Up to 1,400 pupils will have to wait for their exam results due out today because of problems with a new computer system.

Up to 1,400 pupils will have to wait for their exam results due out today because of problems with a new computer system.

Others might have to wait longer than they expected for universities to confirm their places after difficulties in processing results for Scottish Highers.

Results for about 1 per cent of the candidates who sat Higher, Standard Grade and Intermediate exams could be incomplete, Ron Tuck, chief executive of the Scottish Qualifications Authority (SQA) admitted. And, because the authority was two days late in passing all the Higher results to the Universities and Colleges Admissions Service (Ucas), students who have just missed their grades will have to wait to hear whether their places have been confirmed.

A Ucas spokesman said: 'We are concerned about the extra stress this will cause students at a worrying time. But our advice is that people should not panic because everyone is in the same boat.

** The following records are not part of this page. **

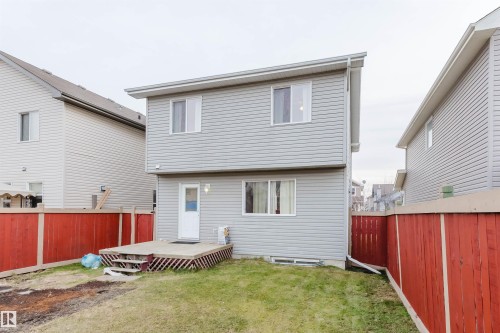 1124 37A Avenue, Edmonton, AB - Outdoor With Exterior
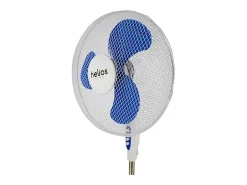 Pack de 2 ventiladores de pie Levante FS-40-A2 Helios Home 16" 45W blanco 125 cm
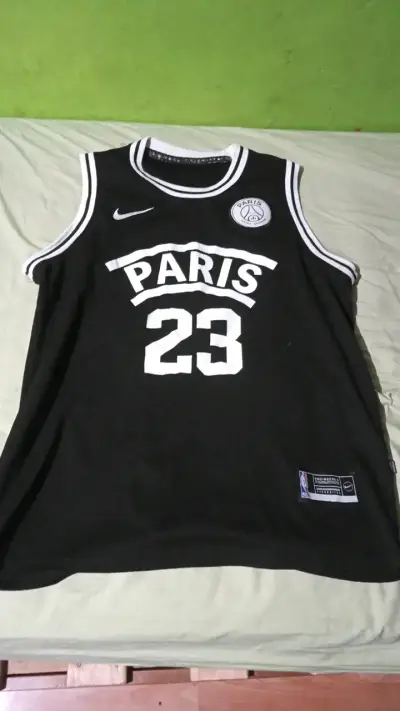 Camiseta deportiva Jordan PSG blanca - miniatura 2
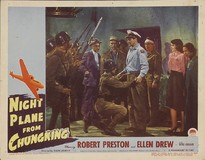 Night Plane from Chungking Poster with Hanger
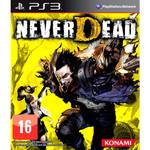 Game NeverDead - PS3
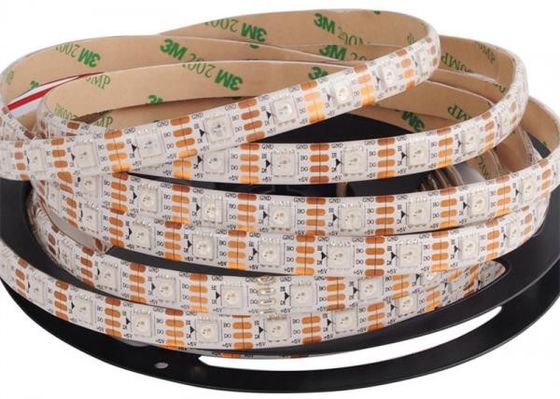 WS2818 IC Magic Digital LED Strip Lights, Dekorasi DC 12V LED Strip Super Bright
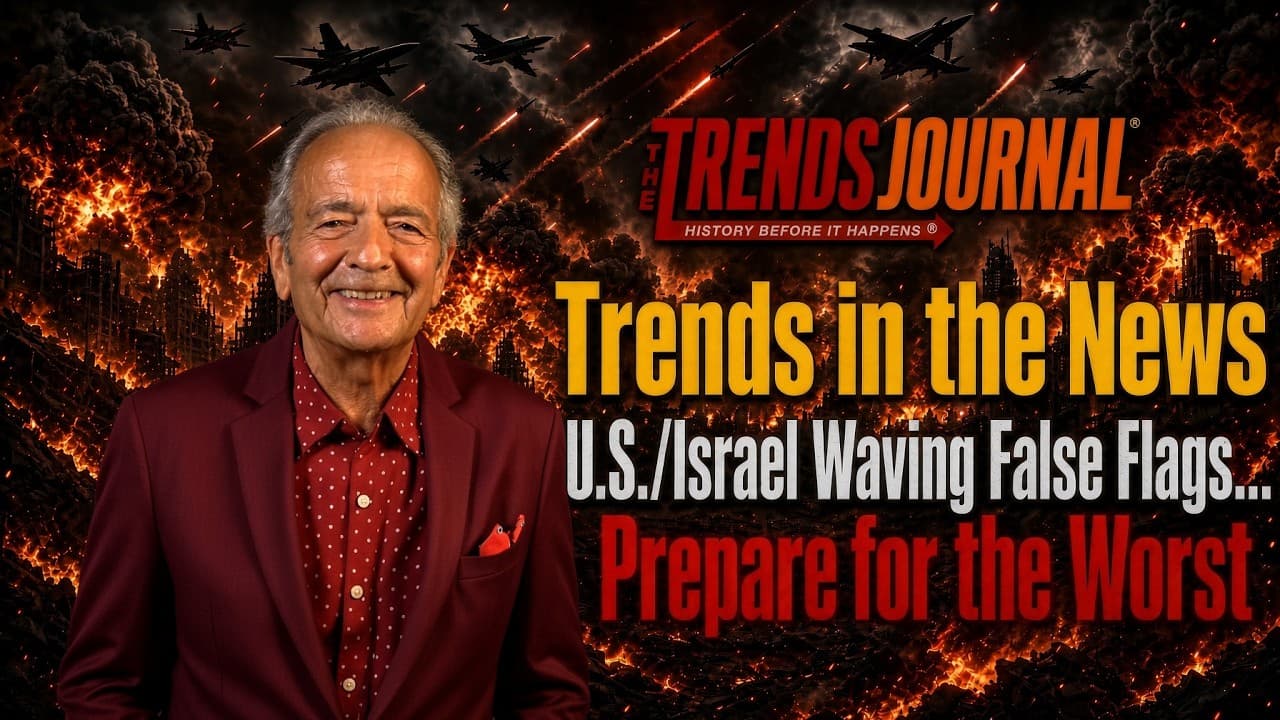 U.S./Israel Waving False Flags... Prepare for the Worst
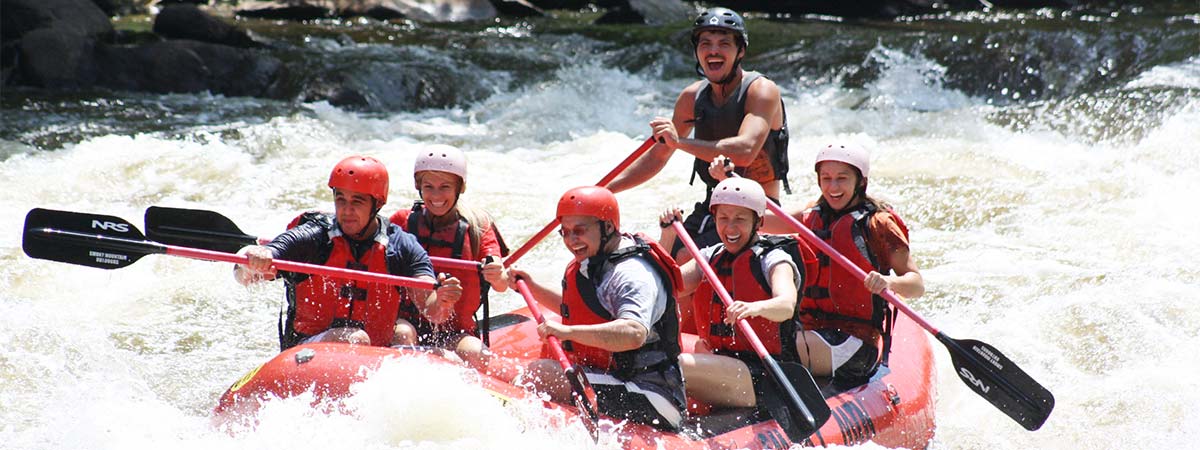 Rafting with Smoky Mountain Outdoors in Hartford, Tennessee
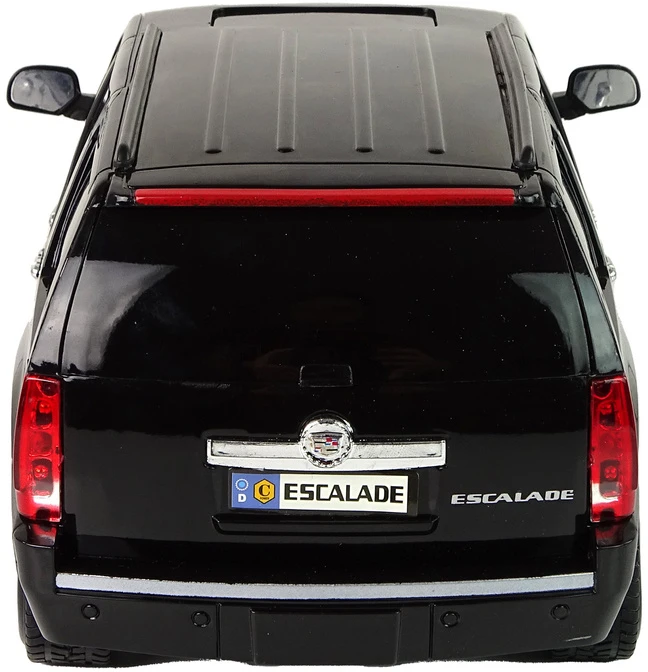 Lean Toys Nuotoliniu būdu valdomas automobilis Cadillac Escalade LeanToys, juodas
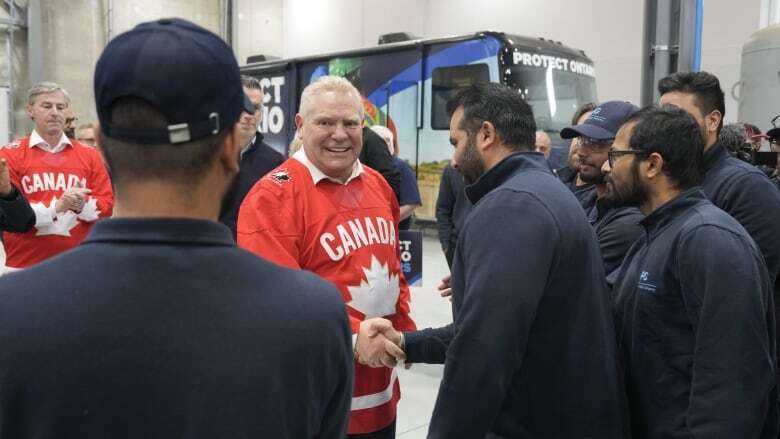 Doug Ford says Ontario PCs committed to easing interprovincial trade in face of potential U.S. tariff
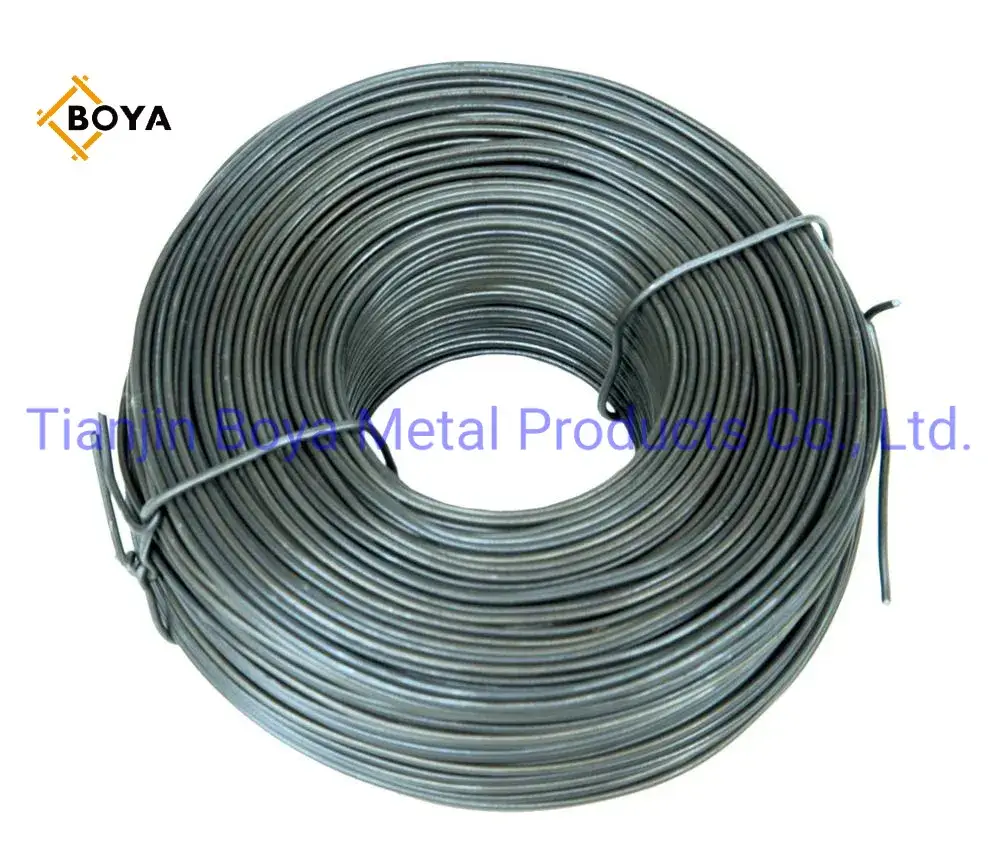 Dây thép đen tôi 1.2mm/1.00mm và dây buộc xoắn 6X1.2mm/7X1.2mm/1.25mm cho xây dựng công trình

"Applicants who have got the right grades don't need to do anything. We will be writing to confirm their places in the next few days. Those who have just missed the grades would normally ring the university to ask whether their place is confirmed. We are advising them to wait a day or two before making the call. We would recommend that those whose results are incomplete should contact the university."

In the long term, he emphasised, the delay should make no difference.

Universities and colleges in both England and Scotland have been warned about the delays, the qualifications authority said. Mr Tuck said: "We accept full responsibility for everything that has happened. We had to introduce a whole range of new qualifications, which means the documents and all the systems concerned with it."

The Independent is today publishing the only official Ucas clearing lists of available places at universities and colleges throughout Scotland. They will be published again in The Independent on Sunday on 13 August. To help students make the right decision, The Independent is also publishing a series of supplements.

Mr Tuck said ministers had been told of the problems and had offered help to sort out the system. Sam Galbraith, the Minister for Education, said that an independent audit by external consultants, which had been agreed by the SQA, would now report to ministers.

The authority said that the new system of Highers and Intermediate exams was the most complex introduced in Scotland. It would have liked more time to pilot the computer system. A helpline is being set up for pupils who are worried about their missing results on 0141 242 2160.